Michaël STORA s’avance imprudemment en affirmant qu’un bébé ne peut pas investir un objet qui n’est pas partagé avec les parents. Les objets contra-phobique et autistiques nous racontent une autre histoire. Ces objets sont fortement investis par l’enfant soit parce qu’ils les protègent de l’anxiété soit pour les sensations qu’ils apportent sans être partagés avec les parents. Par ailleurs il se contredit en prêtant aux tablettes des vertus “proprement thérapeutiques” lorsqu’il décrit des éclats de rire complice entre un bébé et son parent autour d’un écran. Ce n’est pas l’écran qui est ici positif mais l’expérience positive partagée avec une adulte dans une relation de confiance et de sécurité.

On regrettera également que la question posée dans le titre ne trouve pas de réponse explicite dans l’article. Les écrans sont ils un miroir de la dynamique familiale ? Le lecteur n’obtient pas de réponse explicite dans l’article. Il est aussi dommage que l’article ne soit accompagné d’aucune bibliographie.

Les contenus autant que l’expérience sont à prendre en compte lorsque l’on examine les effets des écrans sur le développement des tout-petit. Regarder Dora l’exploratrice n’est pas la même chose que regarder les teletubbies tout comme regarder seul des images n’est pas la même que regarder des images avec un parents attentif et présent ou avec un parent absent parce que préoccupé par ses propres problèmes. Autant j’adhère à l’idée de Michaël STORA que stigmatiser les usages familiaux des écrans est contre-productif, autant je regrette que cela se fasse au prix d’un anathème jeté sur des collègues. Au final, Les écrans : miroir de la dynamique familiale est un billet d’humeur que l’on aurait bien vu ailleurs que dans le numéro d’une revue qui a pour ambition de faire le point sur les écrans et les bébés.

SOURCES

Chonchaiya, W., & Pruksananonda, C. (2008). Television viewing associates with delayed language development. Acta Paediatrica, 97(7), 977-982.
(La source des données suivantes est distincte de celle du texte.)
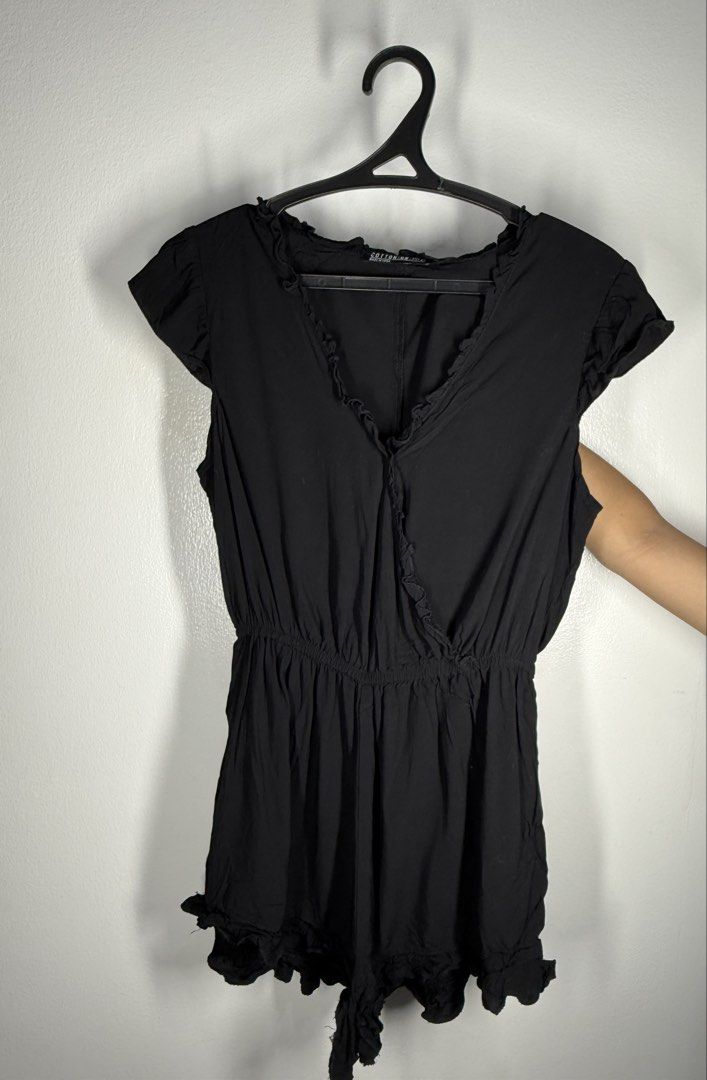 Black Ruffle V-Neck Romper (Category: Rompers) located in Angeles City. Submitted by lesmiz24601 (Listing ID 1460968426, Image 1). Description: - Adorable black romper with charming ruffle details. - Features a comfortable elastic waistband for a perfect fit. - Short sleeves and short legs for a breezy feel. - Versatile for casual day trips or a stylish night out. - Effortlessly pairs with sandals or heels for different looks..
Close, R. (2004). Television and Language Development in the Early Years: A Review of the Literature. National Literacy Trust.

Duch, H., Fisher, E. M., Ensari, I., & Harrington, A. (2013). Screen time use in children under 3 years old: a systematic review of correlates. International journal of behavioral nutrition and physical activity, 10(1), 102.

Linebarger, D. L., & Walker, D. (2005). Infants’ and toddlers’ television viewing and language outcomes. American behavioral scientist, 48(5), 624-645.

Stora, M. (2017). Les écrans: miroir de la dynamique familiale?. Spirale, (3), 89-91.

Tisseron, S. (1997). Psychanalyse de l’image: des premiers traits au virtuel. Dunod.